I came across an interesting looking app in the app store called Photosmith. It’s described as “the iPad mobile companion for Adobe Lightroom®”. At €14.49, it was quite an expensive app, but since I’m interested in all types of tethering, especially those that go with my camera and software I’ve already purchased, such as Lightroom 3. The only piece of hardware that I was missing was the iPad Camera Connection kit, so I went into my local Apple store and picked one up for €29.
The iPad Camera Connection kit gives you two dongles, one with a slot for an SD card, and the other with a USB connector, for direct connection to your camera via USB cable.
The initial thing I discovered (I have a habit of reading the manual after I’ve tried things out), was that this is not really a tethering solution. It’s more of a backup of the images on your camera, which you can then go through, categories, apply ratings, keywords, etc, then later import into lightroom. There is no option to send direct to the iPad as your shooting. I was kinda disappointed at that.
Also, the other similar application I have on the iPad, called Shuttersnitch, only works wirelessly, not over the USB cable, so does not work with the Camera Connection Kit. Now there’s something for either team of developers to look at, proper tethering via USB cable.
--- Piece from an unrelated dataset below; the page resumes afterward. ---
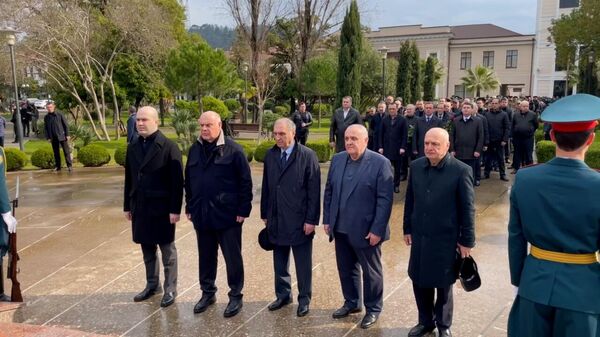 В Парке Славы в Сухуме прошла церемония возложения - Sputnik Абхазия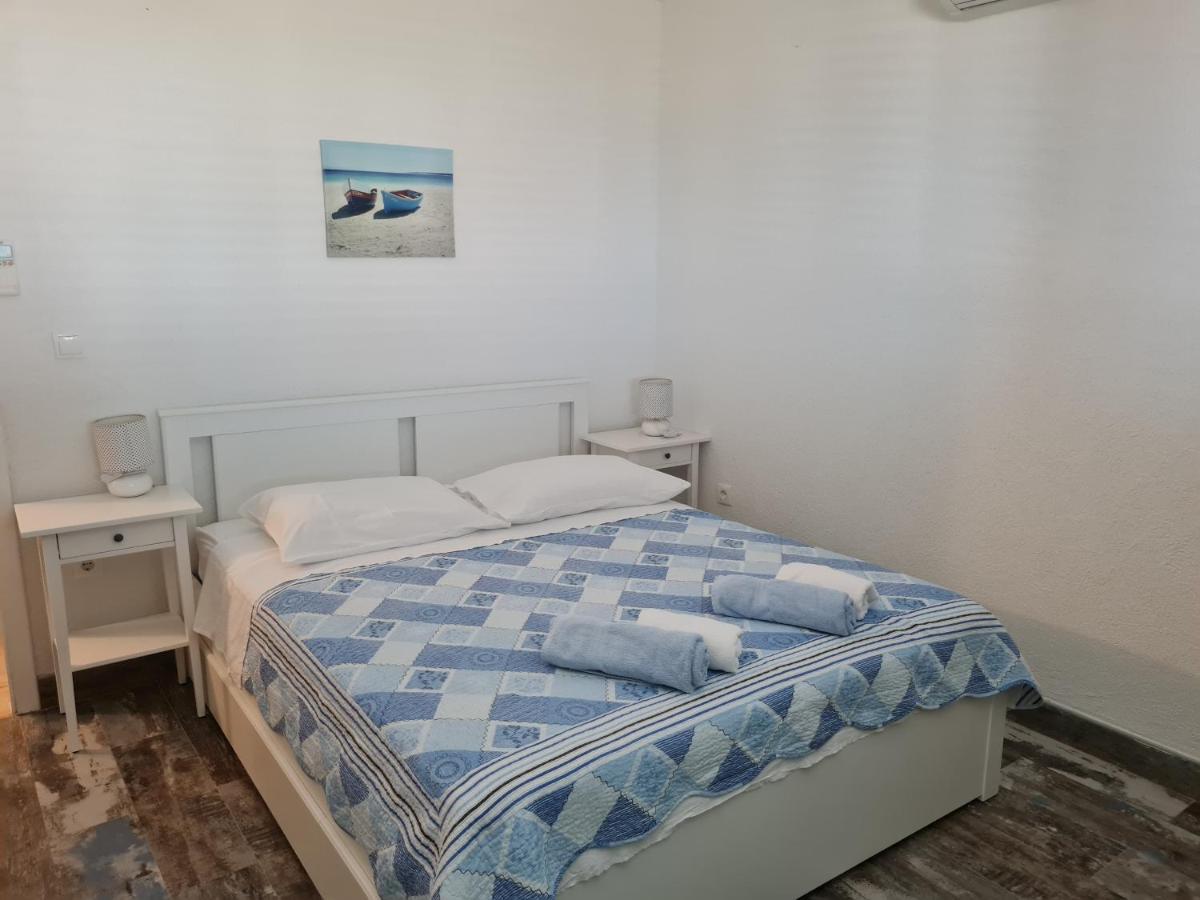 Rooms Andelka Бол Екстер'єр фото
There’s several reasons why this would be a good idea.
- A WFT-E4 wireless grip for my Canon EOS5DII is phenomenally expensive.
- Eye-Fi with any Compact Flash based camera is notoriously difficult to get working, I’m still trying to find a suitable CF-SD adapter so my Eye-Fi X2 Pro will work in my 5DII.
- Large RAW files transfer MUCH more quickly over USB cable, so if your in the habit of shooting your subjects in burst mode, that kinds rules out Wifi tethering.
Anyway, the general mode of operation is as follows:
- Take bunch of pictures.
- Connect your camera to the iPad via the USB cable and the Camera Connection Kit.
- The iPad photo app will kick off and ask you which images you want to import. Import your selected images.
- THEN, you start up Photosmith. You can browse through your imported images, tagging, rating, assigning colour codes, etc. just like Lightroom.
- Once you get back to your PC you can then import the images using the Import wizard in lightroom to get the images from your iPad to your PC/Mac.
- All the ratings are imported along with the imported images.
One thing I found is that the default connection method is wifi. This takes absolutely AGES when working with RAW files that are up to 30Mb each. So slow in fact, that I almost gave up at that stage. But I persisted, and found an “advanced import” method where you connect your iPad via USB, import the images into lightroom with the normal method, then use the Photosmith sync to get the ratings metadata. 3 seconds per image as opposed to 30. And the metadata was applied to the correct files even though they were imported via an alternative method to the Photosmith sync.
So while it’s not a tethering solution, it’s a great way of having a backup of your images in the field. Even if you were only to sync your camera to your iPad every few dozen images or so, you’ll have a backup on the iPad in case of flash card disaster. And, if you’ve got your images on the iPad, you can categorise them and tag them as you shoot in the field, or on the trip home, which will save you some time when you get back to your main post-processing computer.
Now that I have it, and have sorted out the “advanced import” option, it’s certainly a usable and useful addition to my list of iPad photography apps, and makes the iPad more useful in the field. If only there was an option to display images as you shoot them!